Je ne suis pas de bonne humeur aujourd’hui.

Pourtant, les crocus sont sortis, les hémérocalles s’en viennent aussi, l’espèce de duvet rouge particulier à certains érables recouvre les bords de rue. Ce sera un printemps hâtif et beau, mais sans nous. Nous n’envahirons pas les terrasses, ni les parcs, ni les centres de jardinage le samedi.

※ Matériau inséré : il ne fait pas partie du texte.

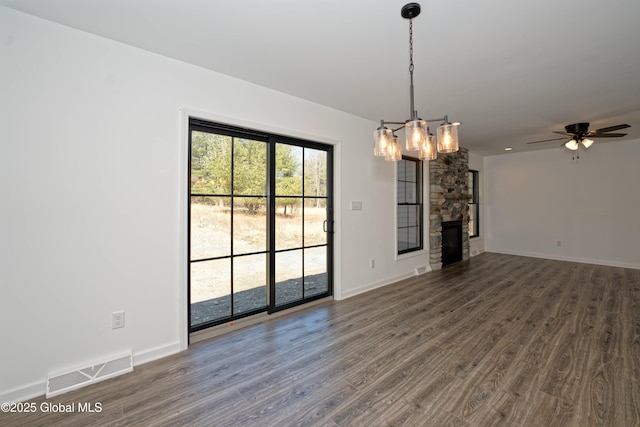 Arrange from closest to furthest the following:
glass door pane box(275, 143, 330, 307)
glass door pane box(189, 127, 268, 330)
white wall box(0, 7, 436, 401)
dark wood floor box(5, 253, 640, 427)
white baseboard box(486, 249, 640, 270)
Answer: dark wood floor box(5, 253, 640, 427) < white wall box(0, 7, 436, 401) < glass door pane box(189, 127, 268, 330) < glass door pane box(275, 143, 330, 307) < white baseboard box(486, 249, 640, 270)

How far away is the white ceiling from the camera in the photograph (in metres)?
1.84

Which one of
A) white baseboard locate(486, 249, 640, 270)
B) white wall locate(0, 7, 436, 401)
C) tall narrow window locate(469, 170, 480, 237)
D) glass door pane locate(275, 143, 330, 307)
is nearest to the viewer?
white wall locate(0, 7, 436, 401)

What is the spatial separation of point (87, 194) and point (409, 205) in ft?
15.5

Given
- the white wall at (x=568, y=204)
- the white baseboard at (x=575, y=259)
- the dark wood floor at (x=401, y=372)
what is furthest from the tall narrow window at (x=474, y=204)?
the dark wood floor at (x=401, y=372)

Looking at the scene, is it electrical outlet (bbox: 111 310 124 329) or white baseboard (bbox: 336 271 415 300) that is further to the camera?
white baseboard (bbox: 336 271 415 300)

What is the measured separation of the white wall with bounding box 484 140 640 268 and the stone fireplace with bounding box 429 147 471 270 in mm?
1475

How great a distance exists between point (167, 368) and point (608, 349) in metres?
3.89

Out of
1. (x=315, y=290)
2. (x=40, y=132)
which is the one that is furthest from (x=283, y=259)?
(x=40, y=132)

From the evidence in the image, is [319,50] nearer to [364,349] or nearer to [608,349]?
[364,349]

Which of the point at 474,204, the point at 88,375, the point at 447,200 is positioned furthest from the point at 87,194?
the point at 474,204

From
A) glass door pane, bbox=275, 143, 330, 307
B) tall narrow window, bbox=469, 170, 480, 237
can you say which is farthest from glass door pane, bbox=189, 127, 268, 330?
tall narrow window, bbox=469, 170, 480, 237

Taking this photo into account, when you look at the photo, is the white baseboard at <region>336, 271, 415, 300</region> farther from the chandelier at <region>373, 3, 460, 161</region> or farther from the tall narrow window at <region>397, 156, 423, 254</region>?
the chandelier at <region>373, 3, 460, 161</region>

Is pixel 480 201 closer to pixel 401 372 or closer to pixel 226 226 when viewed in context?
pixel 401 372

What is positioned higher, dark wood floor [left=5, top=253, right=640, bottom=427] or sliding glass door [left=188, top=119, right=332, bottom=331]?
sliding glass door [left=188, top=119, right=332, bottom=331] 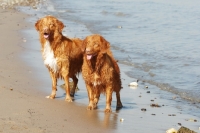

Après le temps de schnout des derniers jours, il fait soleil, mais la réclusion commence à tous nous peser. Malgré les slogans jovialistes, d’entrevoir que nous en avons pour de longues semaines mine le moral.

En dépit de toute l’attention portée à la progression des cas minute par minute, quartier par quartier, région par région, l’esprit commence à appréhender le monde qui nous attend. Les questions fusent mais, visiblement, les autorités ne désirent pas parler de l’avenir maintenant. Les journalistes qui osent des questions précises sur autre chose que la maladie sont regardés de travers, perçus comme des saboteurs de cohésion nationale. Sur les réseaux sociaux, les « angry péquistes » ont fait place aux nouveaux « angry caquistes », véritables gardiens du temple. Pourtant, personne ne nie que François Legault et son équipe font un travail remarquable et essentiel. Donnez-nous simplement l’heure juste.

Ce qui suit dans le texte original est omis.